- _Instructions to follow_:
From the line containing "Cazelle French Vintage" onward to the last line of the data below, copy each line exactly and add nothing.

- _Records for the exercise_:
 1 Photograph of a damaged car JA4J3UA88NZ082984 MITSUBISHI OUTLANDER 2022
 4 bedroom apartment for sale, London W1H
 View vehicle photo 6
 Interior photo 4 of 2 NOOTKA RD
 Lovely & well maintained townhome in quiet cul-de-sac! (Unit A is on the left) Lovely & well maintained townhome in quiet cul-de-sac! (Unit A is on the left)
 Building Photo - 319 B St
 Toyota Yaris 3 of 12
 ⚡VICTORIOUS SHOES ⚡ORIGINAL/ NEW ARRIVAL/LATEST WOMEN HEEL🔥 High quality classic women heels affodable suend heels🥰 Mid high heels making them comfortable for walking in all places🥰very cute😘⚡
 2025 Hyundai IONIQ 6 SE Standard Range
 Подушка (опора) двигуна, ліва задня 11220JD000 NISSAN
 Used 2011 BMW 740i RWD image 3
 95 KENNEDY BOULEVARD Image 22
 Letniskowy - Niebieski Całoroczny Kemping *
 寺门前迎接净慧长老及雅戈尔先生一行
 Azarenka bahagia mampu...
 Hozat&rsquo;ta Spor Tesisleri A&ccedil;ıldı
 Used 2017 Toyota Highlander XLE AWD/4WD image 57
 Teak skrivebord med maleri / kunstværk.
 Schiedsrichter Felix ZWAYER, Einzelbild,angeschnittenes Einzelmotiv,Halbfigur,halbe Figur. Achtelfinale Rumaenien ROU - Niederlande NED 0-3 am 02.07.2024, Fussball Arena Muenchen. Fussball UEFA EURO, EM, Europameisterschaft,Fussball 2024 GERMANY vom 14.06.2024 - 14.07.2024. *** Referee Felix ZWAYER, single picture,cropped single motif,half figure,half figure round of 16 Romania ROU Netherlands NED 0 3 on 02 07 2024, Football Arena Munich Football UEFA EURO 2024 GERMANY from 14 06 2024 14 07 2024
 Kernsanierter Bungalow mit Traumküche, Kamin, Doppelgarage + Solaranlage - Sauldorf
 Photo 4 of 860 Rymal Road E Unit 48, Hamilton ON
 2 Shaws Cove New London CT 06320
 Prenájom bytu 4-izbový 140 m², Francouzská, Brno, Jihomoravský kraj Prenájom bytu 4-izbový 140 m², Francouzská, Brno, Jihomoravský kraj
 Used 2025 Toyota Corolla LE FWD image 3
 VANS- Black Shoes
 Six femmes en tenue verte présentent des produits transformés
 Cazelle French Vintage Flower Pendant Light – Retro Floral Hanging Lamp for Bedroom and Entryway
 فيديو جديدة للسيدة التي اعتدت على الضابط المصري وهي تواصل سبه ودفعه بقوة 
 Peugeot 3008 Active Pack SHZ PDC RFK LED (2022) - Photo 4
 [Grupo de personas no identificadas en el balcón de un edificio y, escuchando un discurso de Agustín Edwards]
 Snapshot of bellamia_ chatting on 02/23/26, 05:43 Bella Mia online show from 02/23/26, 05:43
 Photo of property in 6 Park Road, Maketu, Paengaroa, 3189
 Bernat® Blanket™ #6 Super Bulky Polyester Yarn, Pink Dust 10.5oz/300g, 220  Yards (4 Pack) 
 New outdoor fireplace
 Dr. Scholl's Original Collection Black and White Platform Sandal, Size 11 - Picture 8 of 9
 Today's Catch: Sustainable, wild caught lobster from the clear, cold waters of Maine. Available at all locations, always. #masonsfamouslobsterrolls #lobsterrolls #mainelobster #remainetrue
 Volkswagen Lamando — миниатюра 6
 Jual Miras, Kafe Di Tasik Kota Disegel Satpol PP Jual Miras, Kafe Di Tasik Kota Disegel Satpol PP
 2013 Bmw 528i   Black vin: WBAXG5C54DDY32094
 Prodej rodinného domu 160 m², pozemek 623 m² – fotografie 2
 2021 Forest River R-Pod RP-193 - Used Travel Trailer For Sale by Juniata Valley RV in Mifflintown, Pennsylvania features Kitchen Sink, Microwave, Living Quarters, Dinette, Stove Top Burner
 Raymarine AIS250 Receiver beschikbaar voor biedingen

- _Result_:
 Cazelle French Vintage Flower Pendant Light – Retro Floral Hanging Lamp for Bedroom and Entryway
 فيديو جديدة للسيدة التي اعتدت على الضابط المصري وهي تواصل سبه ودفعه بقوة 
 Peugeot 3008 Active Pack SHZ PDC RFK LED (2022) - Photo 4
 [Grupo de personas no identificadas en el balcón de un edificio y, escuchando un discurso de Agustín Edwards]
 Snapshot of bellamia_ chatting on 02/23/26, 05:43 Bella Mia online show from 02/23/26, 05:43
 Photo of property in 6 Park Road, Maketu, Paengaroa, 3189
 Bernat® Blanket™ #6 Super Bulky Polyester Yarn, Pink Dust 10.5oz/300g, 220  Yards (4 Pack) 
 New outdoor fireplace
 Dr. Scholl's Original Collection Black and White Platform Sandal, Size 11 - Picture 8 of 9
 Today's Catch: Sustainable, wild caught lobster from the clear, cold waters of Maine. Available at all locations, always. #masonsfamouslobsterrolls #lobsterrolls #mainelobster #remainetrue
 Volkswagen Lamando — миниатюра 6
 Jual Miras, Kafe Di Tasik Kota Disegel Satpol PP Jual Miras, Kafe Di Tasik Kota Disegel Satpol PP
 2013 Bmw 528i   Black vin: WBAXG5C54DDY32094
 Prodej rodinného domu 160 m², pozemek 623 m² – fotografie 2
 2021 Forest River R-Pod RP-193 - Used Travel Trailer For Sale by Juniata Valley RV in Mifflintown, Pennsylvania features Kitchen Sink, Microwave, Living Quarters, Dinette, Stove Top Burner
 Raymarine AIS250 Receiver beschikbaar voor biedingen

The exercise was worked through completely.